Broad licensing program

And the bill disallows vertically integrated cannabis concerns by limiting participants to only one total license. “You can’t process and export. You can’t grow and also process for hurds or seeds,” said Elizalde Garza, whose firm was the first in Mexico to import CBD products, and the first legal CBD company in the country.

Licensing under the proposed bill covers harvesting, processing, sales, import and export of cannabis products. A cannabis agency would be established to manage the licensing program.

Research also licensed

The scheme also would require universities to be licensed to research hemp, setting it apart from other plants which need no such government authorization, Elizalde Garza said.

The measure now in the Senate came after Mexico’s Supreme Court ruled that possession, cultivation and consumption of cannabis should not be criminalized, and ordered the Mexican congress to change laws on personal marijuana use, giving legislators until April 2020 as a deadline.

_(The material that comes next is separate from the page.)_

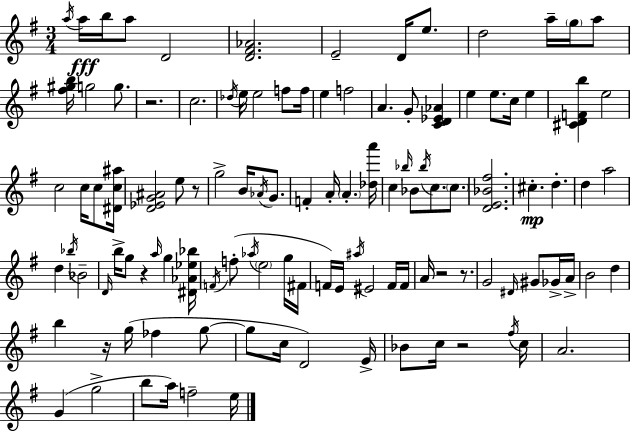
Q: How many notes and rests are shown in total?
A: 113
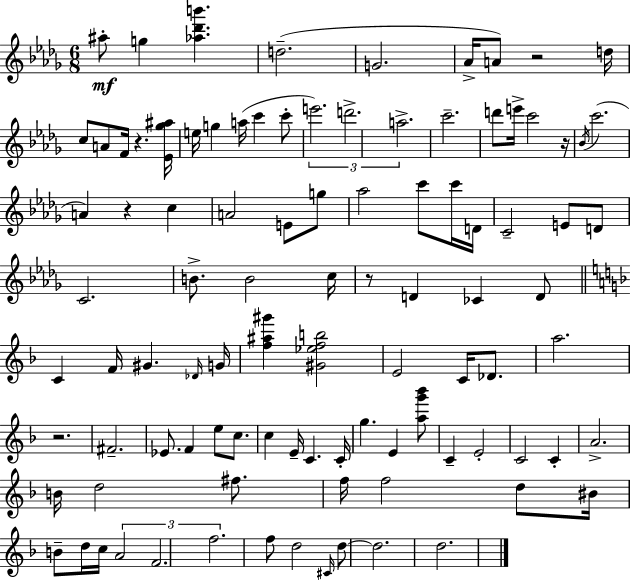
A#5/e G5/q [Ab5,Db6,B6]/q. D5/h. G4/h. Ab4/s A4/e R/h D5/s C5/e A4/e F4/s R/q. [Eb4,Gb5,A#5]/s E5/s G5/q A5/s C6/q C6/e E6/h. D6/h. A5/h. C6/h. D6/e E6/s C6/h R/s Bb4/s C6/h. A4/q R/q C5/q A4/h E4/e G5/e Ab5/h C6/e C6/s D4/s C4/h E4/e D4/e C4/h. B4/e. B4/h C5/s R/e D4/q CES4/q D4/e C4/q F4/s G#4/q. Db4/s G4/s [F5,A#5,G#6]/q [G#4,Eb5,F5,B5]/h E4/h C4/s Db4/e. A5/h. R/h. F#4/h. Eb4/e. F4/q E5/e C5/e. C5/q E4/s C4/q. C4/s G5/q. E4/q [A5,G6,Bb6]/e C4/q E4/h C4/h C4/q A4/h. B4/s D5/h F#5/e. F5/s F5/h D5/e BIS4/s B4/e D5/s C5/s A4/h F4/h. F5/h. F5/e D5/h C#4/s D5/e D5/h. D5/h.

Meanwhile a separate law covering the import of medical and industrial cannabis has been on the books since 2017. That law ordered the Mexican Health Department to write a regulation by the end of 2017, but those rules have yet to be written, according to Elizalde Garza.

Overreach

The bill now in congress goes well beyond what the Supreme Court ordered, Elizalde Garza said, by attempting to re-regulate medical cannabis (which is already legal) in addition to placing restrictive rules on hemp.

“We still have a long road ahead in trying to establish a clear difference between hemp and marijuana,” said Elizalde Garza. “We need to keep fighting so this law will really benefit Mexico.”